I'm trying to develop a function that reads an ArrayList of string and is capable to find if there exist at least two tuples that have the same values from a set of indices but differ for a supplementary index. I've developed a version of this function by using a RegEx comparison as follow:
public boolean checkMatching(){
ArrayList<String> rows = new ArrayList<String>();
rows.add("7,2,2,1,1");
rows.add("7,3,2,1,1");
rows.add("7,8,1,1,1");
rows.add("8,2,1,3,1");
rows.add("8,2,1,4,1");
rows.add("8,4,5,1,1");
int[] indices = new int[] {2,3};
int supplementaryIndex = 1;
String regex = "";
for(String r : rows){
String[] rt = r.split(",");
regex = "[a-zA-Z0-9,-.]*[,][a-zA-Z0-9,-.]*[,][" + rt[indices[0]] + "][,][" + rt[indices[1]] + "][,][a-zA-Z0-9,-.]*";
for(String r2 : rows){
if(r.equals(r2) == false){
if(Pattern.matches(regex, r2)){
String[] rt2 = r.split(",");
if(rt[supplementaryIndex].equals(rt2[supplementaryIndex]) == false){
return true;
}
}
}
}
}
return false;
}
However, it is very expensive, especially if there are many rows. I've thought to create a more complex RegEx that considers multiple choices (with '|' condition), as follow:
public boolean checkMatching(){
ArrayList<String> rows = new ArrayList<String>();
rows.add("7,2,2,1,1");
rows.add("7,3,2,1,1");
rows.add("7,8,1,1,1");
rows.add("8,2,1,3,1");
rows.add("8,2,1,4,1");
rows.add("8,4,5,1,1");
int[] indices = new int[] {2,3};
int supplementaryIndex = 1;
String regex = "";
for(String r : rows){
String[] rt = r.split(",");
regex += "[a-zA-Z0-9,-.]*[,][a-zA-Z0-9,-.]*[,][" + rt[indices[0]] + "][,][" + rt[indices[1]] + "][,][a-zA-Z0-9,-.]*";
regex += "|"; //or
}
for(String r2 : rows){
if(Pattern.matches(regex, r2)){
//String rt2 = r.split(",");
//if(rt[supplementaryIndex].equals(rt2[supplementaryIndex]) == false){
return true;
//}
}
}
return false;
}
But the problem is that this way I can't compare the supplementary index values. Do you have any suggestions on how to define a regex that can directly satisfy this condition? Or, is it possible to leverage java streams to do this efficiently?
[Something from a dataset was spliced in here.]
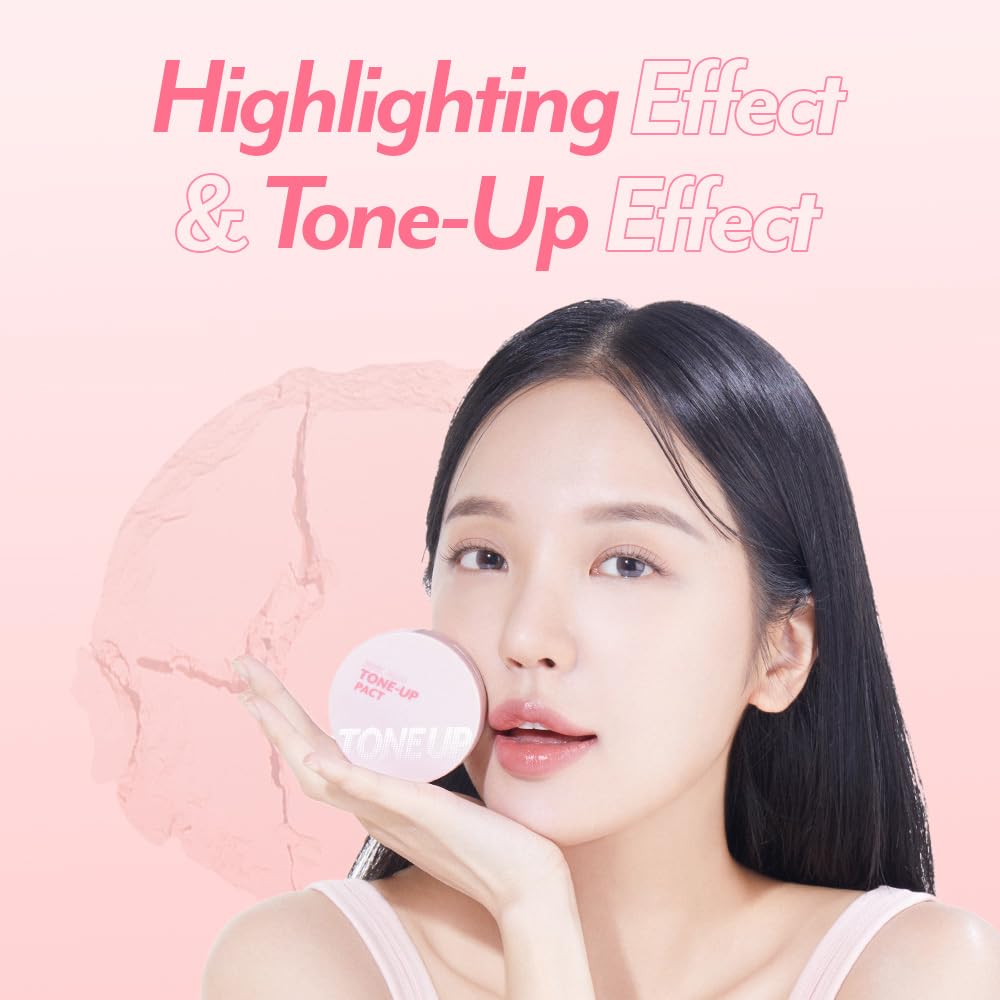 I'M MEME Compact - Tone-up Pact | Korean Pressed Setting Powder for Pink Blur Effect, with Calamine, Makeup Powder Foundation, Translucent Compact, Finishing Powder, Oil Control Face Powder, 0.35 Oz - Image 5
The main problem of your first approach is that you have two nested loops over the same list, which gets you a quadratic time complexity. To recall, that implies that the inner loop’s body gets executed 10,000 times for a list with 100 elements and 1,000,000 times for a list of 1,000 elements, and so on.
It doesn’t help calling Pattern.matches(regex, r2) in the inner loop’s body. That method exist only to support (as delegation target) the String operation r2.matches(r2), a convenience method, to do Pattern.compile(regex).matcher(input).matches() in one go. If you have to apply the same regex multiple times, you should keep and re-use the result of Pattern.compile(regex).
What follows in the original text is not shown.